Exercise description:
Leaving the pictures aside, repeat the entries exactly.

(Short text fragments from websites)
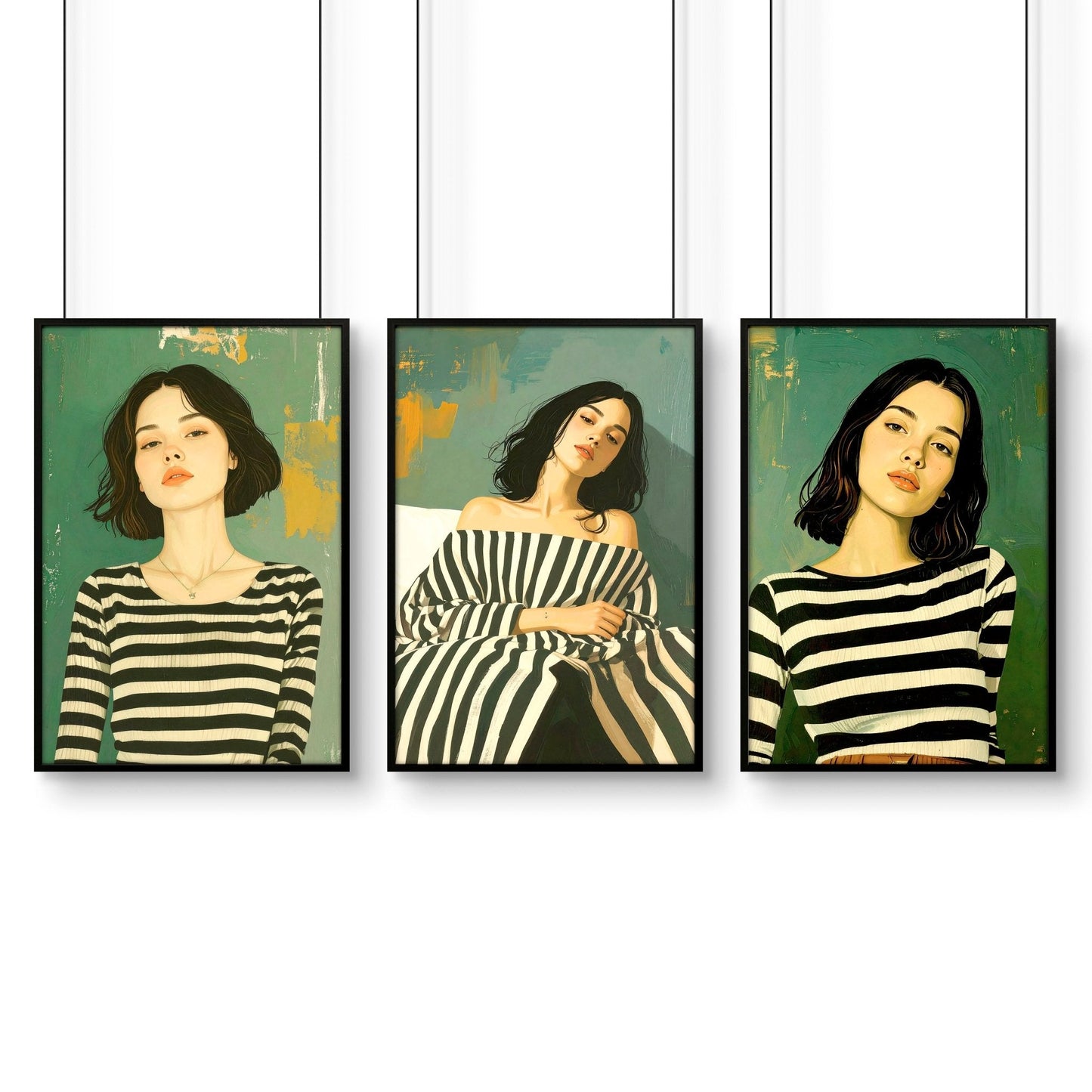 Art Print For Living Room | Set of 3 Boho Women Wall art Prints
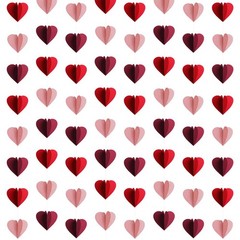 72 Pcs Red Heart Banner Garland Valentine’s Day Decorations 3D Heart Garland Str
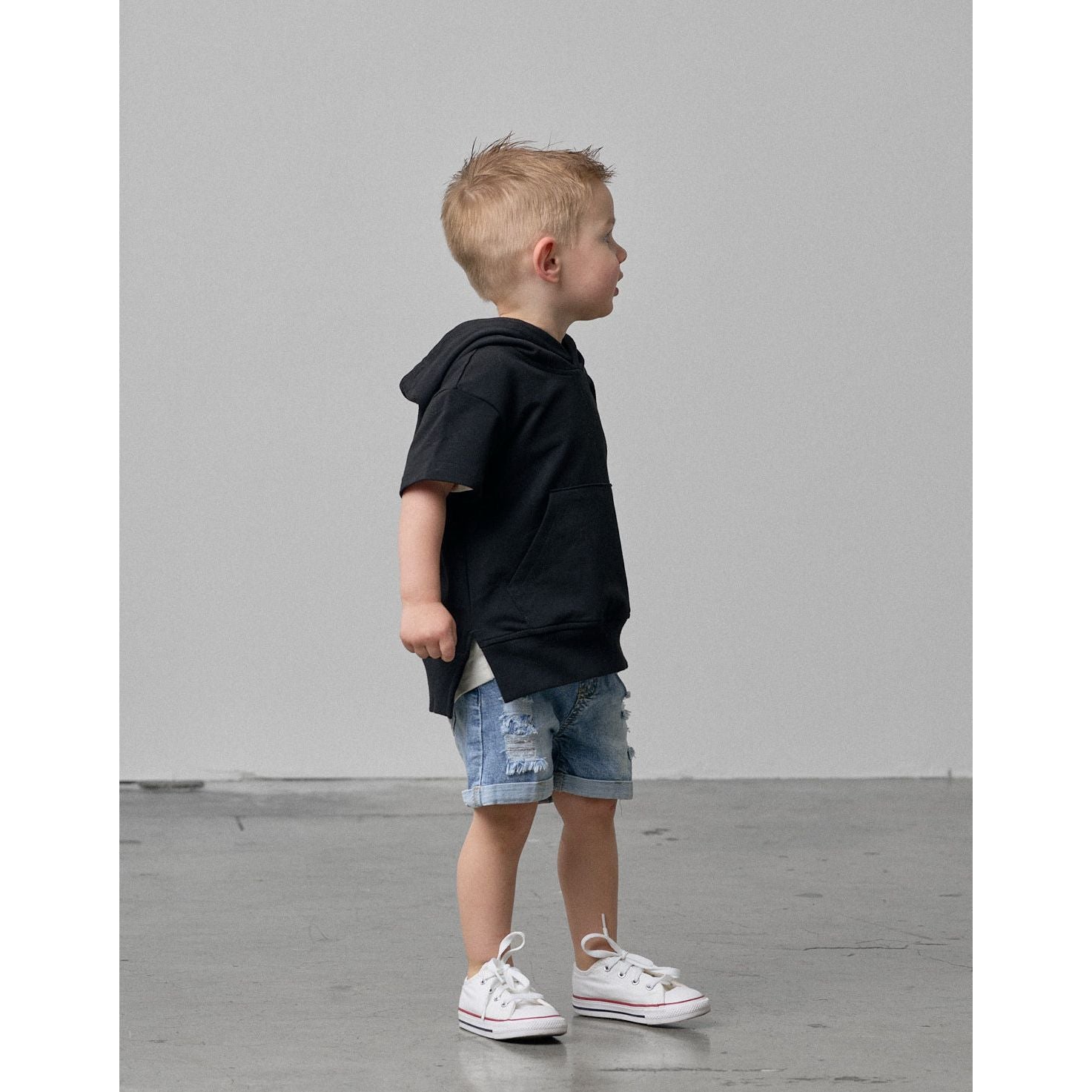 Short Sleeve Hoodie - Black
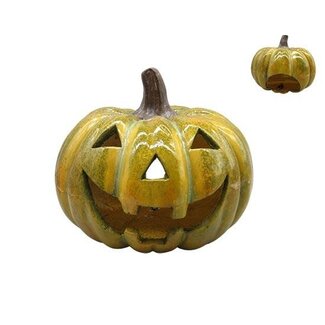 HBXD Kürbis „Patch“ | Farbe: Grün | Herbstdekoration | Höhe 23 Zentimeter | Durchmesser 27 Zentimeter | Pro 2 Kürbisse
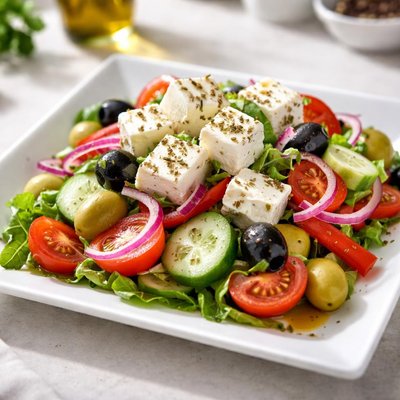Greek salad with cheese
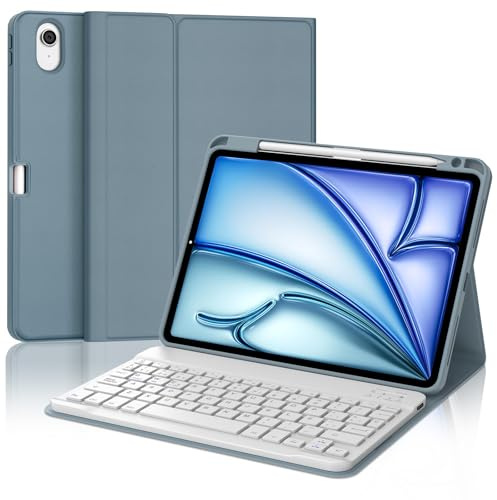 IVEOPPE Funda Teclado iPad Air 11 (M2 2024/M3 2025), Cover con Teclado Español Ñ Bluetooth Magnética Desmontable para iPad Air M2 2024/M3 2025 11 Pulgadas, Azul-Gris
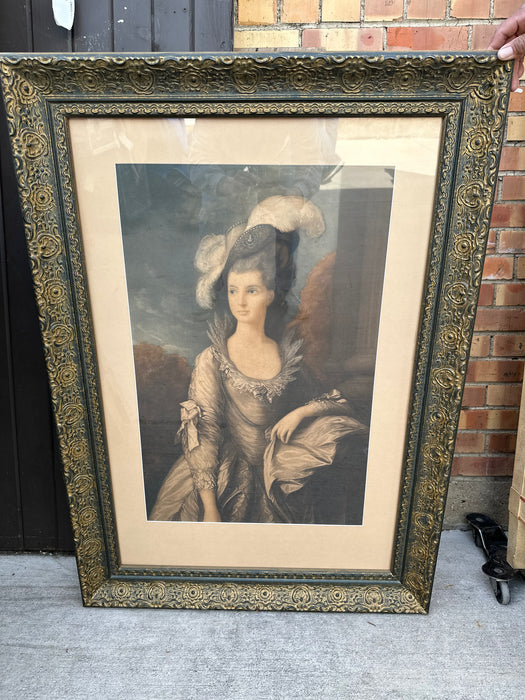 LARGE FRAMED PRINT OF LADY WITH HAT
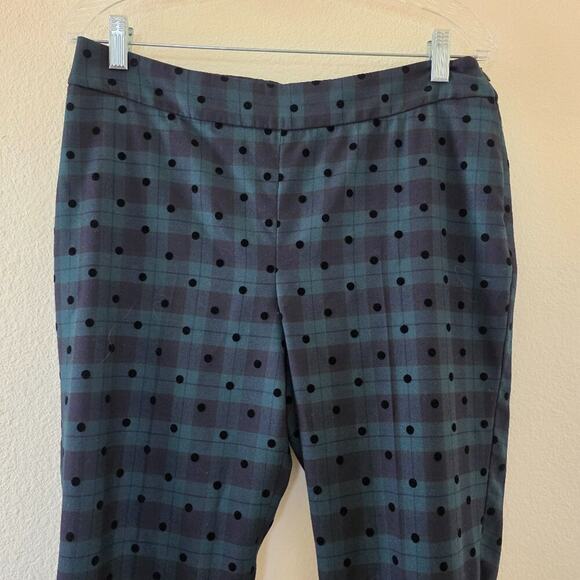 Talbots Slim Ankle Pants Green Plaid Black Velvet Polka Dot Womens Size 10P Wool - Picture 2 of 11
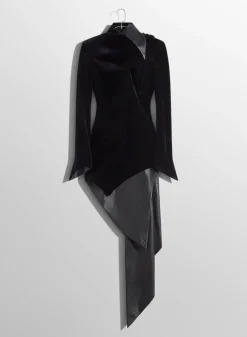Women MUGLER black asymmetrical velvet dress with leather collar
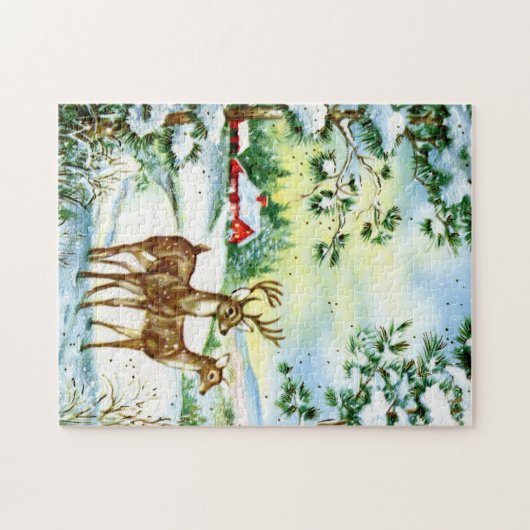 retro Winterhert Legpuzzel (Horizontaal)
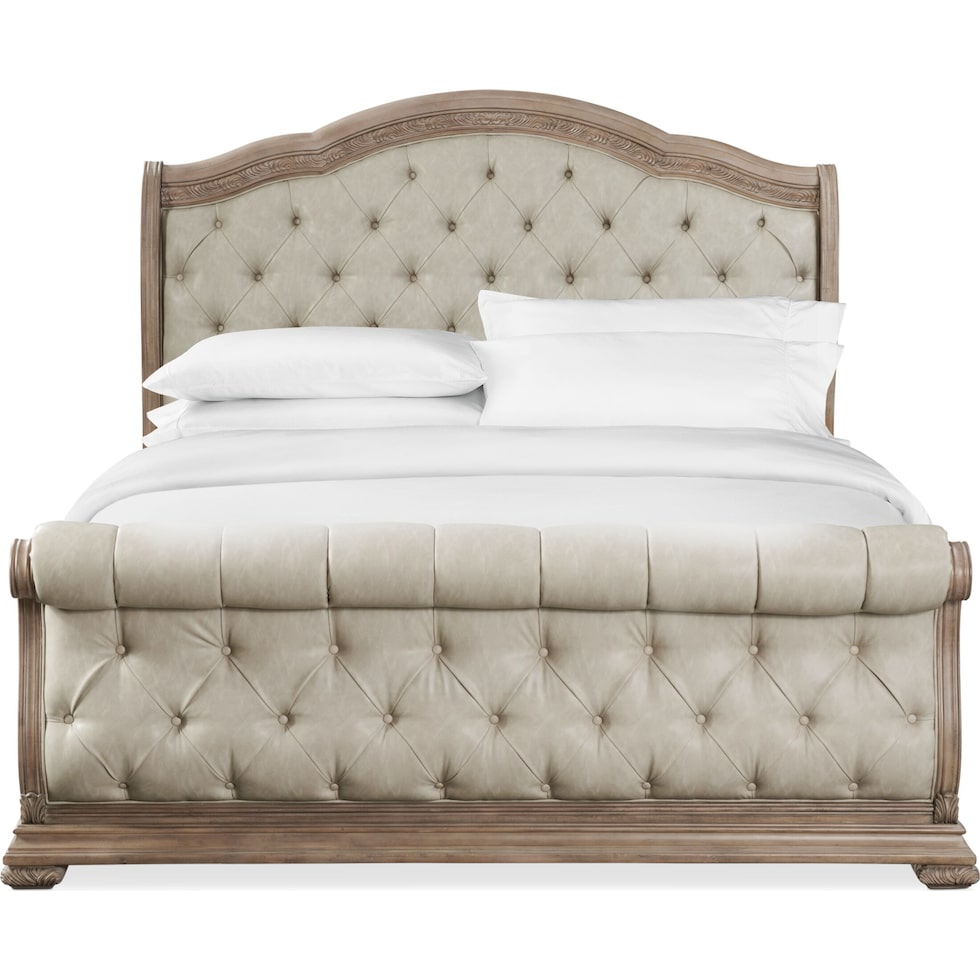 tuscany light brown queen bed   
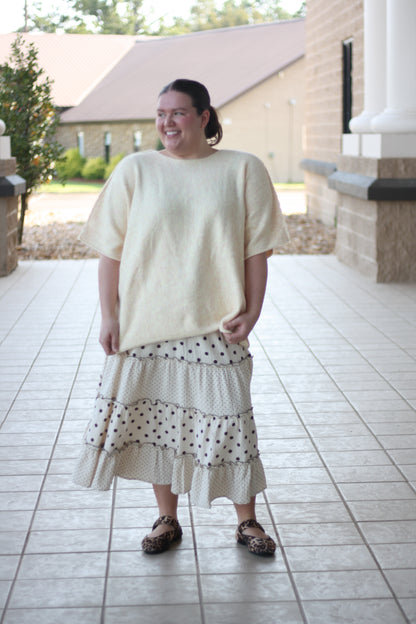 Short Sleeve Oversized Knit Sweater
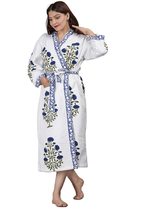 INDACORIFY Waffle Cotton Handprinted Bath Robe Summer Hotel Kimono Floral Spa Be - £26.16 GBP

Result of this exercise:
 Art Print For Living Room | Set of 3 Boho Women Wall art Prints
 72 Pcs Red Heart Banner Garland Valentine’s Day Decorations 3D Heart Garland Str
 Short Sleeve Hoodie - Black
 HBXD Kürbis „Patch“ | Farbe: Grün | Herbstdekoration | Höhe 23 Zentimeter | Durchmesser 27 Zentimeter | Pro 2 Kürbisse
Greek salad with cheese
 IVEOPPE Funda Teclado iPad Air 11 (M2 2024/M3 2025), Cover con Teclado Español Ñ Bluetooth Magnética Desmontable para iPad Air M2 2024/M3 2025 11 Pulgadas, Azul-Gris
 LARGE FRAMED PRINT OF LADY WITH HAT
 Talbots Slim Ankle Pants Green Plaid Black Velvet Polka Dot Womens Size 10P Wool - Picture 2 of 11
Women MUGLER black asymmetrical velvet dress with leather collar
 retro Winterhert Legpuzzel (Horizontaal)
 tuscany light brown queen bed   
 Short Sleeve Oversized Knit Sweater
 INDACORIFY Waffle Cotton Handprinted Bath Robe Summer Hotel Kimono Floral Spa Be - £26.16 GBP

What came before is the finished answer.